## Aim of the exercise
Set every entry below down once more, exactly as it stands, without images.

## Recorded information
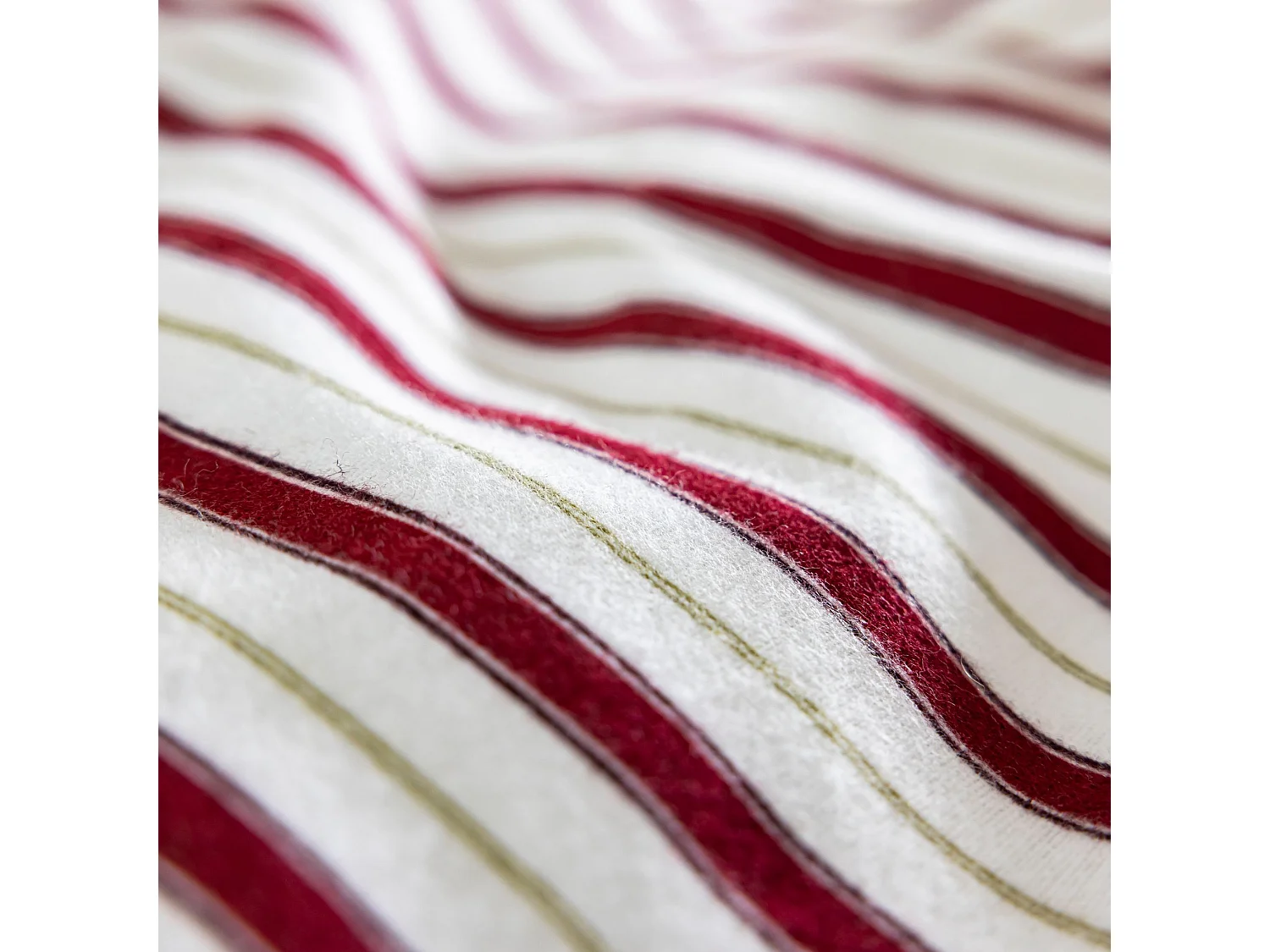 Parure de lit 260x240 flanelle à rayures Terre de Nuit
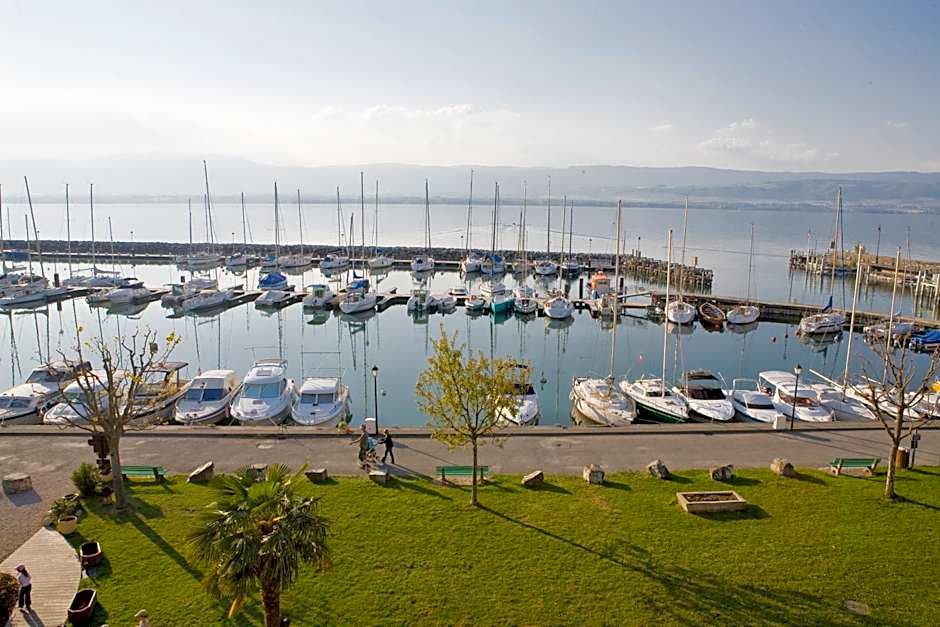 Hôtel La Riviera Victoria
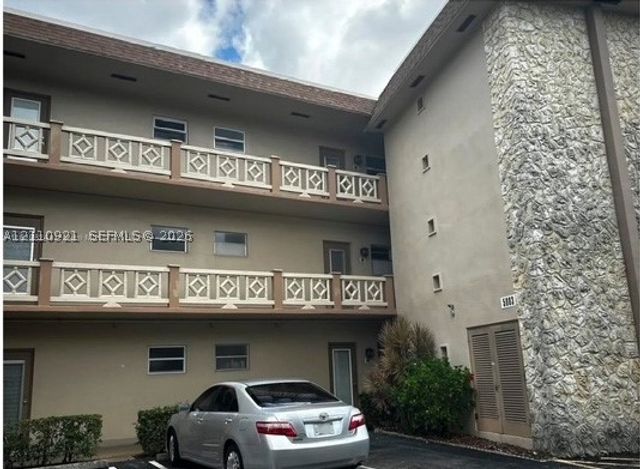 5003 NW 35th St 506, Lauderdale Lakes, FL 33319
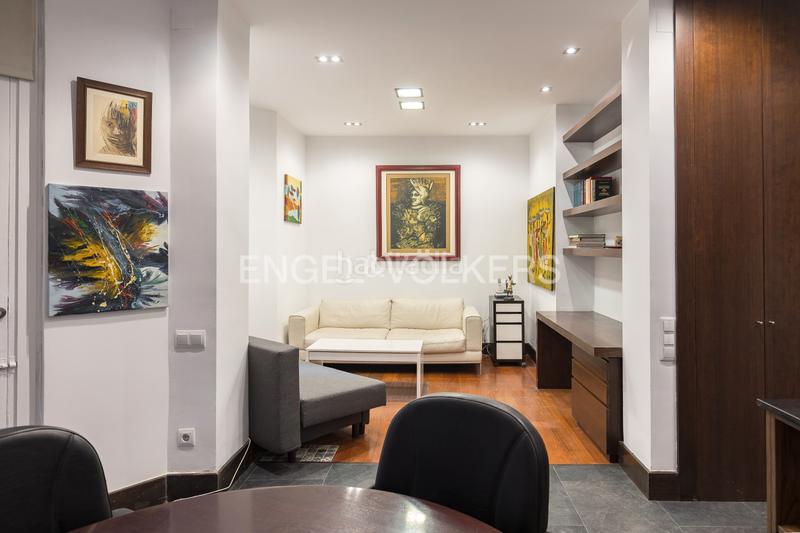 Foto f83f3534-bdac-4772-930d-3b4d2edb14dc. Apartamento versátil piso con patio privado en chamberí en Madrid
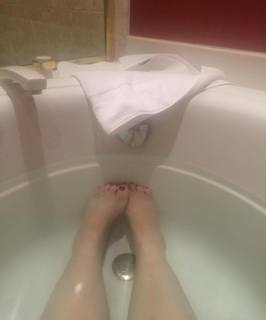 Kathy Najimy feet photo 1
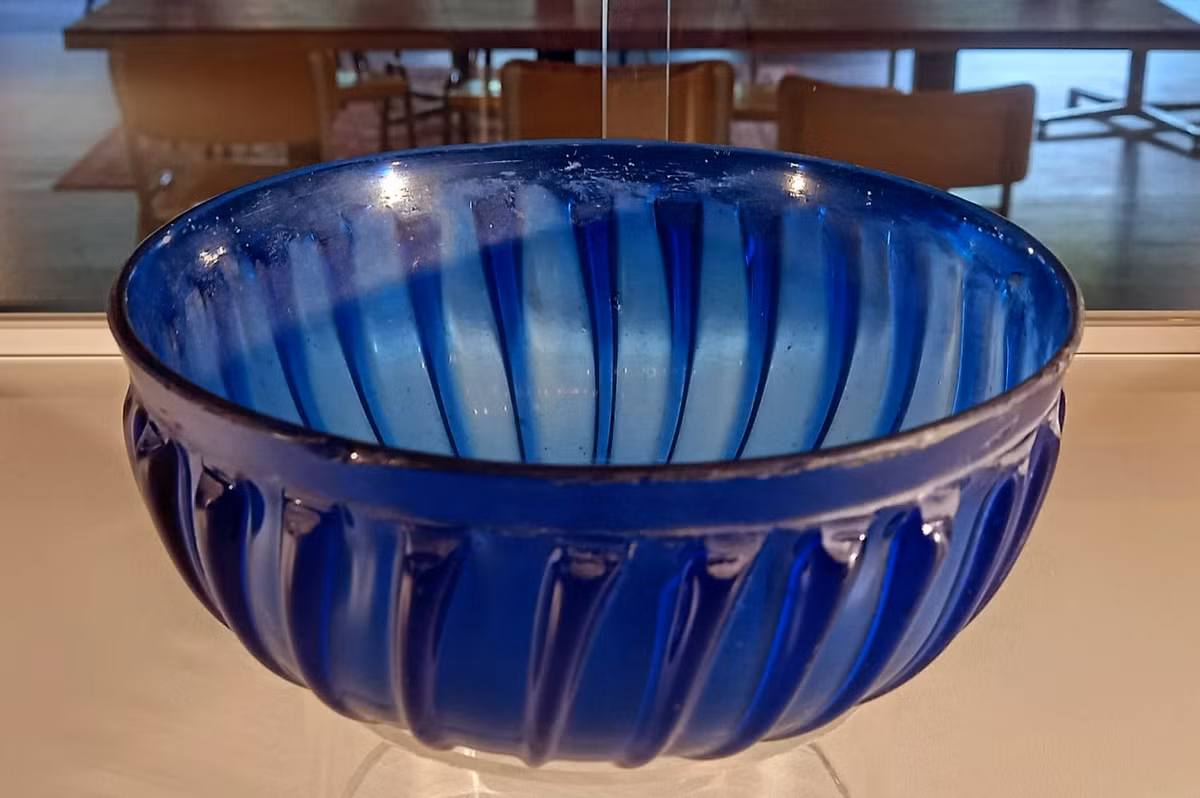 Nó được làm bằng cách để thủy tinh nóng chảy và đông cứng trên khuôn. Oxit kim loại pha với bột màu trộn vào thủy tinh nóng chảy giúp tạo nên màu xanh lam đặc trưng. Ảnh: @Đại học Radboud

## Result of the task
 Parure de lit 260x240 flanelle à rayures Terre de Nuit
 Hôtel La Riviera Victoria
 5003 NW 35th St 506, Lauderdale Lakes, FL 33319
 Foto f83f3534-bdac-4772-930d-3b4d2edb14dc. Apartamento versátil piso con patio privado en chamberí en Madrid
 Kathy Najimy feet photo 1
 Nó được làm bằng cách để thủy tinh nóng chảy và đông cứng trên khuôn. Oxit kim loại pha với bột màu trộn vào thủy tinh nóng chảy giúp tạo nên màu xanh lam đặc trưng. Ảnh: @Đại học Radboud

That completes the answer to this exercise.